Van Warmerdam houdt niet van glamour en ziet er tegenop dat hij een smoking aan moet.
‘Cannes is democratisch en daarbij hoort die smoking. Het is een overall, le bleu de travail. Arbeiders dragen een overall, schoolkinderen een uniform, althans vroeger. Als iedereen er hetzelfde uitziet, is iedereen gelijk. Dat is het idee. In Cannes is iedereen gelijk, of je nu uit Hollywood komt of uit Nederland.’
Hoeveel films ziet u per jaar?
‘Ik heb er voor deze editie van het festival zo’n 700 of 800 gezien, op een totaal van 1800 films die we als festival hebben beoordeeld. Daarnaast zie ik elk jaar nog een paar honderd klassiekers. Dat doe ik van nature, en omdat ik ook directeur ben van een filmmuseum, het Institut Lumière in Lyon.’
U komt bij vrijwel elke film in Cannes een praatje houden, niet alleen de competitiefilms maar ook kleine films en klassiekers. Altijd uit uw hoofd, meestal buiten adem en bezweet van het rennen over de boulevard.
‘Ja, ik kom bij elke film langs. De filmmakers zijn vaak bang voor de confrontatie met het publiek, dus je moet menselijk zijn. Het kritische oordeel volgt later. En we hebben in Cannes een publiek van hoog niveau: professioneel, erudiet, cinefiel. Natuurlijk ben ik ook een manager en praat ik met banken en politici. Maar mijn legitimiteit als directeur van een filmfestival is dat ik van film houd en er wat vanaf weet.’
Hoe houd je een frisse blik, als je zeven films op een dag ziet?

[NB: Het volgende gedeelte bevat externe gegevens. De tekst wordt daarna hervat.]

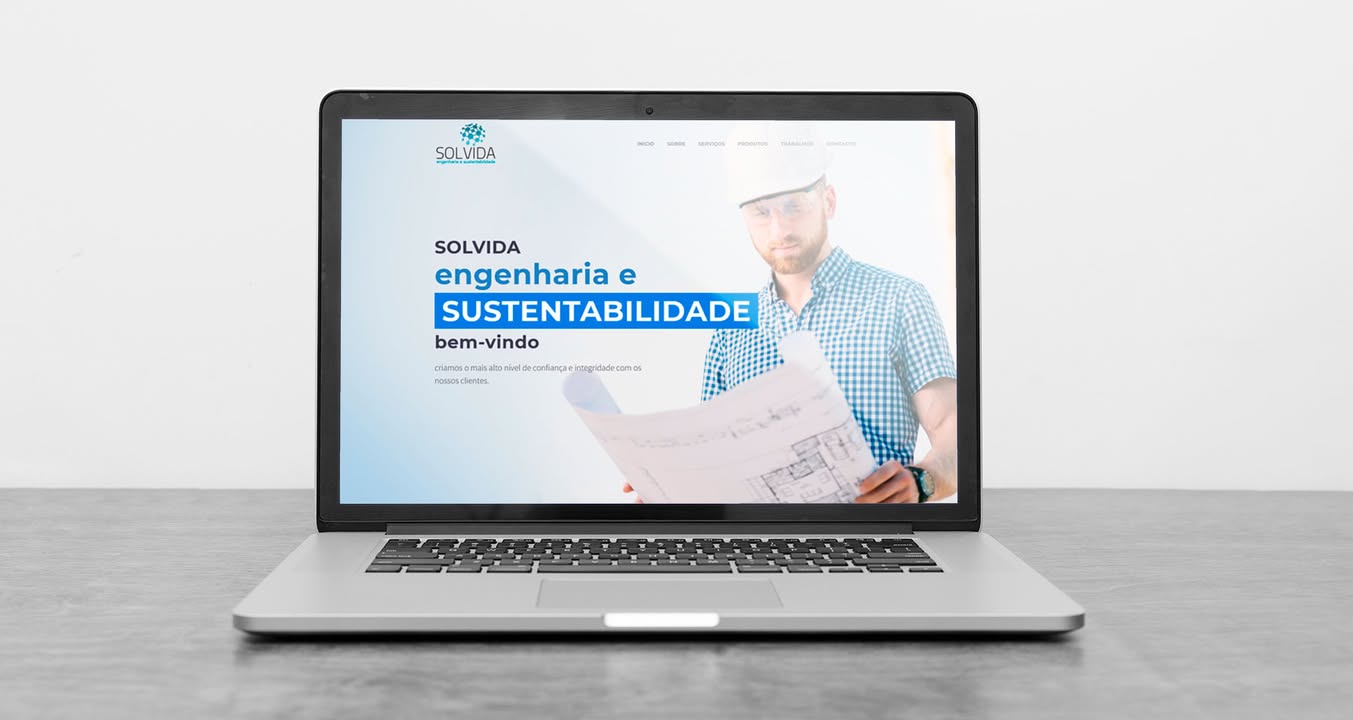 A SOLVIDA é uma empresa sediada em Vila Chã, no concelho de Seia, tem como objetivo propor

‘Ik heb daar geen moeite mee. Als je op een dag zeven films hebt gezien en de achtste is een goede film, dan vergeet je op dat moment weer die andere zeven.’

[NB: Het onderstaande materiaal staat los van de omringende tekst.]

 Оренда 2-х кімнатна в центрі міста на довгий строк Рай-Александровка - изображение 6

Arthousefilms kunnen de publiciteit die het festival voor ze genereert goed gebruiken. Maar sinds uw aantreden als directeur in 2003 zitten er ook weer veel Hollywoodfilms in de competitie van Cannes. Hebben die het festival wel nodig?

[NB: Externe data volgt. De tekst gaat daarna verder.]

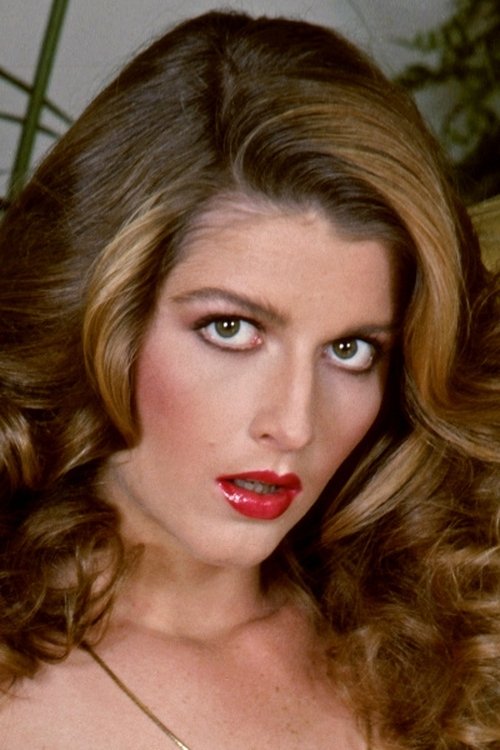 Barbara Peckinpaugh as Bod Sister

‘Toen ik directeur werd, vonden velen dat Cannes te artistiek was geworden, te veel gericht op de auteursfilm. Daar heb ik verandering in gebracht, want het festival heeft beide typen films nodig. De grote films beschermen de kleine. Cannes trekt de aandacht, met 4000 journalisten per jaar evenveel als een wereldkampioenschap voetbal. En die aandacht richten we vervolgens op auteursfilms.’
Hoe ziet u de verhouding tussen arthousefilms en Hollywood?
‘Er zijn mensen die zeggen: dit is cinema en dat niet. Maar als ik naar Star Trek ga, weet ik dat ik geen film van Carlos Reygadas ga zien. Je kunt een erg goede nieuwe James Bond hebben en een belabberde nieuwe arthousefilm. Je moet niet denken dat een bepaald soort cinema beter is dan een ander. En je moet het publiek serieus nemen. Zij weten heus wel wat een goede film is. Chaplin, John Ford, Kurosawa, dat waren in hun tijd de populairste filmmakers. En dat zijn geen slechte filmmakers, hoor.’
Maar heeft de nieuwe film van de Coenbroers, die dit jaar in de competitie zit, zo’n Gouden Palm wel nodig?
‘Ten eerste zou het leuk zijn als de gebroeders Coen hun tweede Gouden Palm wonnen, want dan hebben ze er voortaan allebei een. Maar zonder dollen: Cannes heeft populaire makers zoals de Coen- broers nodig. Ze
komen graag naar Cannes en wij zien ze graag verschijnen op de rode loper.